Ao traçar este mapa nacional do absurdo, ou de como o sem sentido de alguns sentires, pensares e agires perduram, a autora abre um leque de temáticas bastante extenso, no qual se reflectem as superstições portuguesas respeitantes aos nascimentos, baptismos, adolescência, namoro, iniciação sexual, casamento, virgindade feminina, prenhez, parto, aleitamento, cuidados maternais, vizinhança e consanguinidade, enigma do futuro, domínio das vontades, práticas agro-pecuárias e piscícolas, enfermidades, de perecimentos, funerais, santos e relíquias, culto dos mortos, dores, fiéis e infiéis, Deus e demónio, isto é, da existência e existires em seu todo ou de cabo a rabo, entre usos e preceitos de bem conseguir as realizações dos anseios, por mais secretos e retorcidos que sejam.
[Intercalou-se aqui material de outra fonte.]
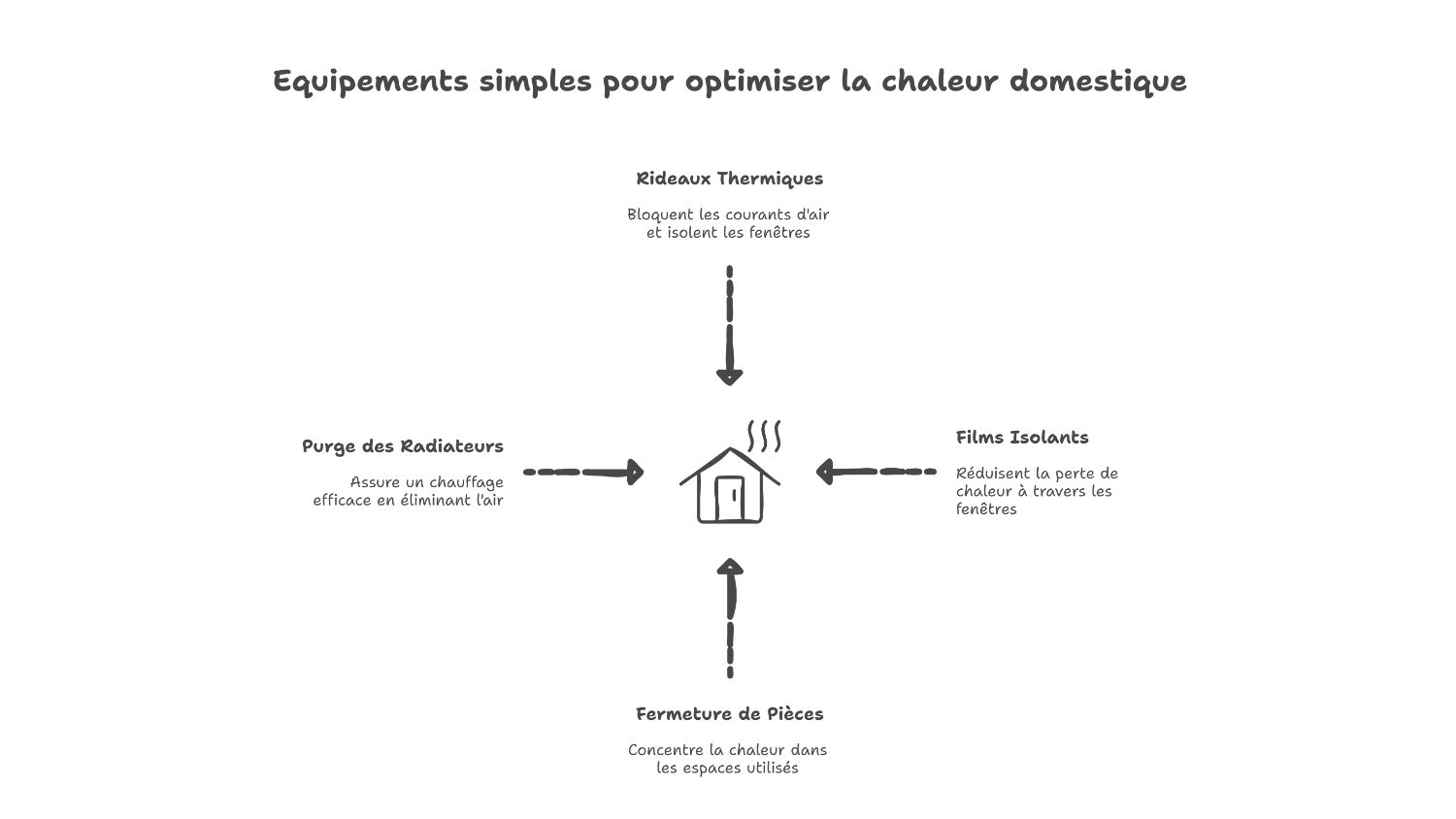 Astuces simples pour garder la chaleur dans la maison en hiver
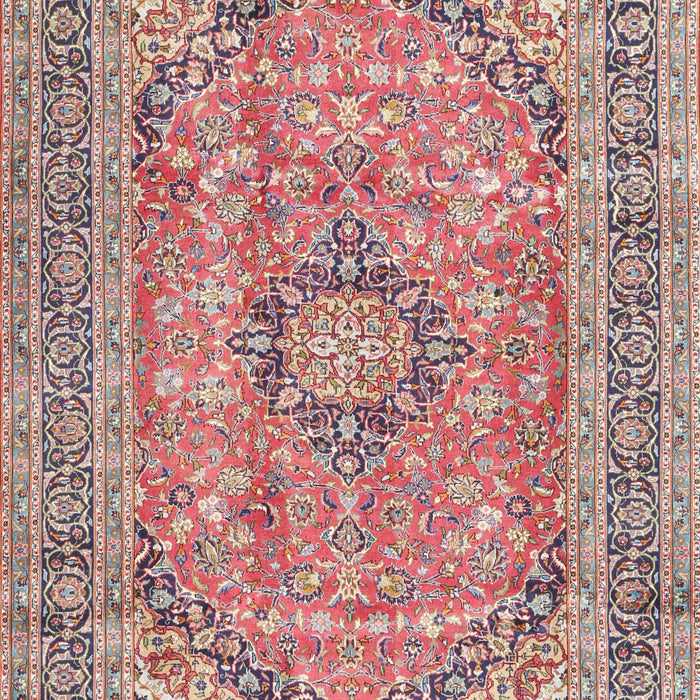 Machine Washable Traditional Cherry Red Rug, wshtr2962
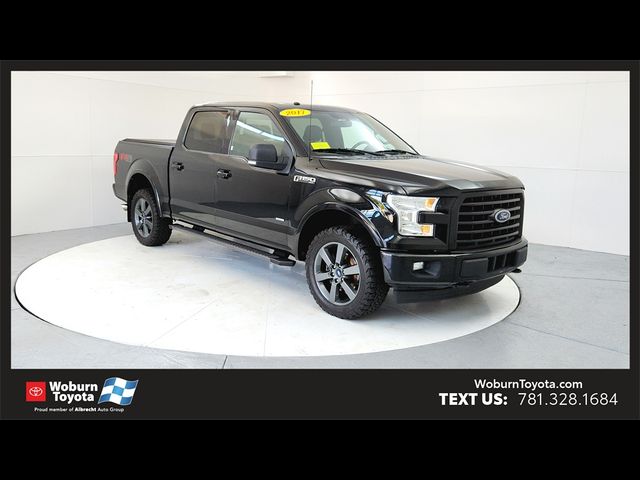 2017 Ford F-150 XLT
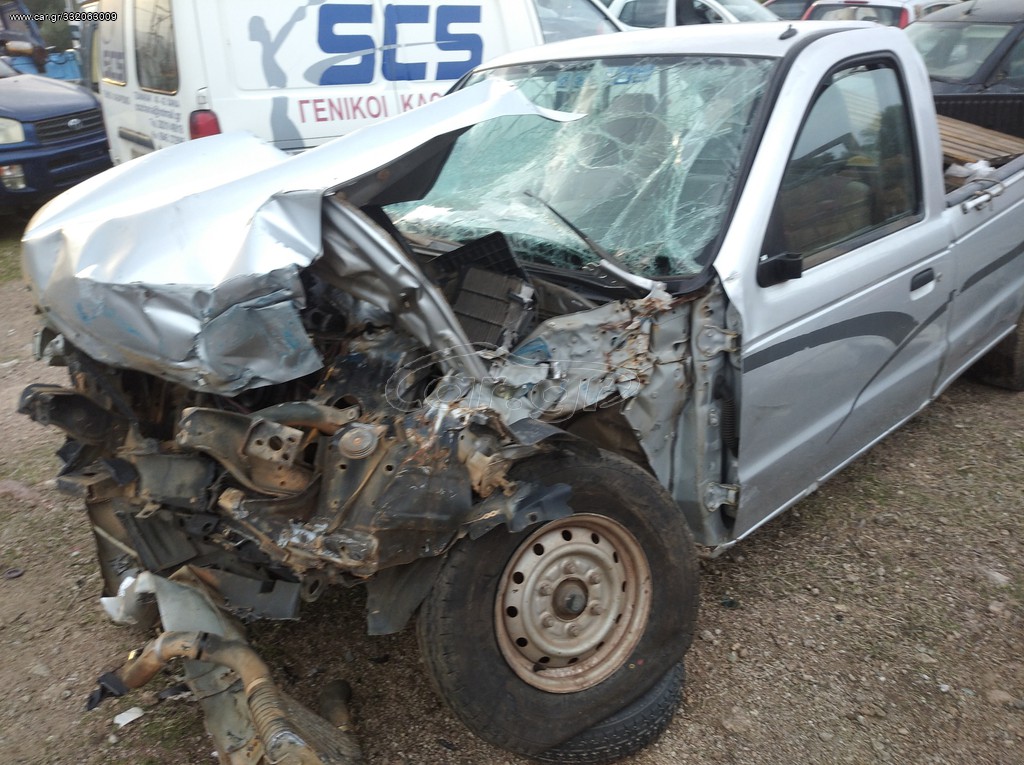 Φορτηγό Έως 7.5τ Mazda 2001 B2500 DIESEL 2.5  4X2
Desde o cozer do pão (S. Vicente te acrescente, / S. Mamede te levede, / S. João te faça pão, / Pela Graça de Deus e da Virgem Maria / Padre Nosso Ave Maria) até aos aconchegos de apaixonados:

"Amo-te lôc’apáxonado
Ôtr’amor igual é raro;
Oh, me fujas, menina,
N’ã arrecuses est’emparo. "

E elucida-nos de forma singela e sem afectações de como atribuímos uma confiança e importância excessiva, ou quase religiosa, a determinadas coisas, palavras e lugares, que nada justifica terem, enfim os nossos modos de crendice, fortemente eivada e cultivada pelo espírito do “Melhoral”, uma vez que se não nos fizerem declaradamente bem, também nos não farão mal, com que se vão transmitindo e veiculando de geração em geração. De maneira bastante lúcida, objectiva e exemplar, num livro de que aprazivelmente salientaremos dois pontos: a) a ausência de apêndice bibliográfico, contrária ao costume nos opúsculos de natureza academizante, onde se estabeleceu ser “praxe” elaborar um infindável rol de artigos e obras (supostamente) consultadas mas que raramente foram folheadas, ou sequer abertas, além da página referida, comummente consideradas como elevada fonte de sapiência; e b) a frequência e oportunidade das notas de rodapé, que efectuam assim a entrosagem eficaz no enquadramento das “ilustrações de conteúdo” que facilitam a compreensão de quaisquer textos.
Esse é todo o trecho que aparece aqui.